Department of Orthodontics, University of Ferrara, Ferrara, Italy.
Angle Orthod. 2010 Jan;80(1):145-52. doi: 10.2319/122908-662.1.
To test the hypothesis that palatal bone is not able to support titanium miniscrews (11 mm in length and 2 mm in diameter) when subjected to forces normally generated during orthodontic treatment.
The miniscrew-palatal bone system was modeled and analyzed using the commercial finite element method software ANSYS Multiphysics 10.0; tests were done in both a state of total osseointegration and in the absence of it. Calculations were carried out in both cases in configurations where the miniscrew was inserted into two different palatal regions: in the first it was anchored in one layer of cortical bone and in the underlying trabecular bone; in the second, two layers of cortical bone and the trabecular bone in between were involved. Two different loads were taken into account, 240 gf and 480 gf, both of which are within the normal range for orthodontic treatment, and applied to the miniscrew heads.
The results demonstrated that the miniscrew inserted into the palate can be anchored to bone and loaded within normal orthodontic force range without exceeding the stress levels that lead to bone fracture. The osseointegrated system was characterized by a lower level of stress than the nonosseointegrated one, but anchorage within the second layer of cortical bone markedly reduced the stress on the trabecular bone, thereby improving the stability of the implant, also in the absence of osseointegration.

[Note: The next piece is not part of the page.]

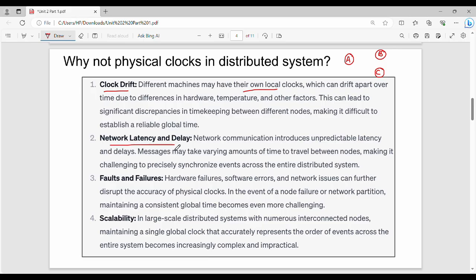The next problem is network latency and delay. In a distributed system, communication goes through a network, and the network will have latency and delay — there is a possibility of this. Then, faults and failures: hardware failure and software failure are a possibility. Overall, the physical clock will deteriorate.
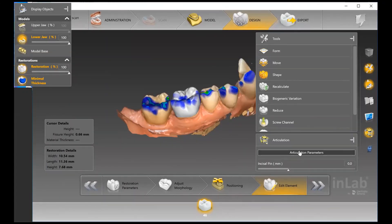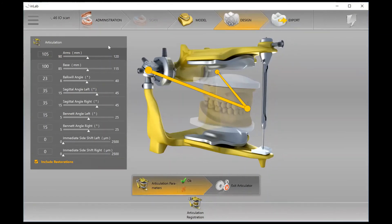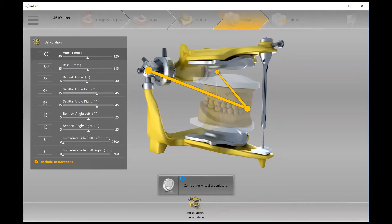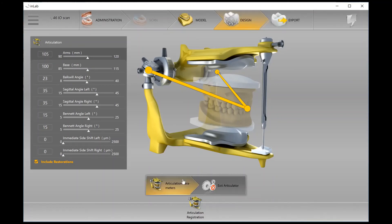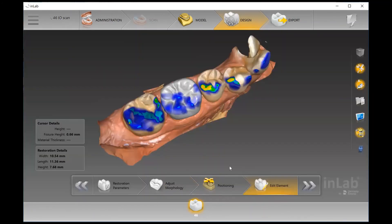Now I'm activating the articulation. I'll click on Articulation Parameters, which opens this screen with a generic universal articulator. If you want to use your own parameters based on your laboratory or clinic preference, not a problem. Hit OK and the software will virtually articulate the case using the actual restoration, letting us see all the dynamic movement for this patient. Once you exit the articulator, you return to the original screen, and you can change any parameters to fit your own specifications.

The hypothesis is rejected. Miniscrews loaded within the normal orthodontic force range do not exceed the stress levels that lead to bone fracture.
验证下述假设,即在上颌骨承受正畸治疗中产生的正常力的情况下,无法将长度为 11 毫米、直径为 2 毫米的钛质微螺钉(miniscrew)固定于腭骨。
使用商业有限元方法软件 ANSYS Multiphysics 10.0 对微螺钉-腭骨系统进行建模和分析;在完全骨整合和未完全骨整合两种状态下进行测试。在两种情况下,均对微螺钉植入两个不同的腭骨区域的配置进行了计算:第一种情况,微螺钉固定于一层皮质骨和下方的小梁骨;第二种情况,涉及两层皮质骨和其间的小梁骨。考虑了两种不同的负载,240 gf 和 480 gf,两者均在正畸治疗的正常范围内,并施加于微螺钉头部。
结果表明,植入腭骨的微螺钉可以在不超过导致骨折的骨应力水平的情况下,与骨骼固定并承受正常正畸力范围内的负载。与非骨整合系统相比,整合系统的骨整合系统的应力水平较低,但在第二层皮质骨内固定可显著降低小梁骨上的应力,从而提高植入物的稳定性,即使在没有骨整合的情况下也是如此。
该假设被否定。在正常正畸力范围内负载的微螺钉不会超过导致骨折的骨应力水平。